Species of gastropod

Buccinastrum deforme, common name the collared buccinum, is a species of sea snail, a marine gastropod mollusk in the family Buccinanopsidae, the Nassa mud snails or dog whelks and the like.

==Description==
The size of the shell varies between 23 mm and 70 mm.

The ovate shell is smooth and ventricose. The spire is formed of six slightly convex whorls. The body whorl is very large and slightly canaliculated. The coloring is of a deep violet and oftentimes of a yellowish ash color, with a small white band which borders the base of each whorl of the spire. There exists also at the base of the shell, a large band of a grayish white color. Upon some specimens longitudinal whitish lines are seen, which are the vestiges of the several additions to the shell. The aperture is large and ovular. The columella is strongly arched, and upon all its length is seen a callosity of a yellowish color. The outer lip is of a reddish brown internally.
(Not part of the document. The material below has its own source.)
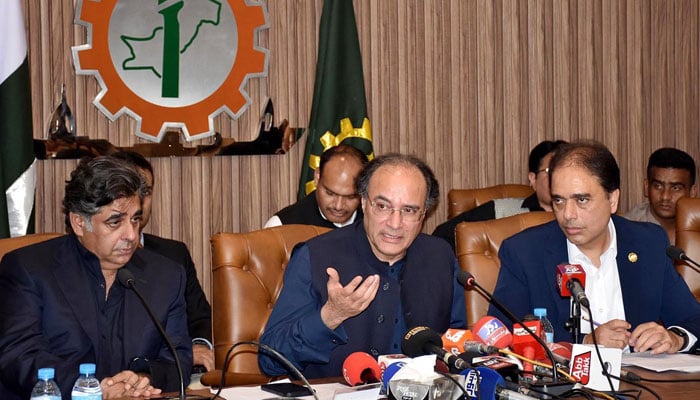 Federal Minister for Finance & Revenue, Muhammad Aurangzeb talking to media persons after meeting with the Business community at FPCCI on July 6, 2024. — APP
This shell is very different from other species in its form, which is globular, and its color, of a deep violet. In some specimens the spire is more elongated, and sometimes, within the shell, where it is of a paler violet, are delineated deeper bands. One only exists upon the upper whorls, and two broader upon the lowest.

==Distribution==
This marine species occurs from Uruguay to Argentina.

==Imposex==
The phenomenon known as imposex, the development of nonfunctional male sexual organs in female individuals, has been observed in B. deforme. This condition is triggered by exposure to organic tin compounds such as tributyltin (TBT) and triphenyltin (TPT), is irreversible, and can have severe consequences for gastropod species, ranging from individual sterilization to potential population collapse. Organotin compounds are commonly used as biocides and antifouling agents, added to marine paints to prevent organisms from growing on the hulls of boats and ships. As a result, high concentrations often accumulate in the waters around shipyards and docking areas, posing a serious threat to nearby marine life through prolonged exposure.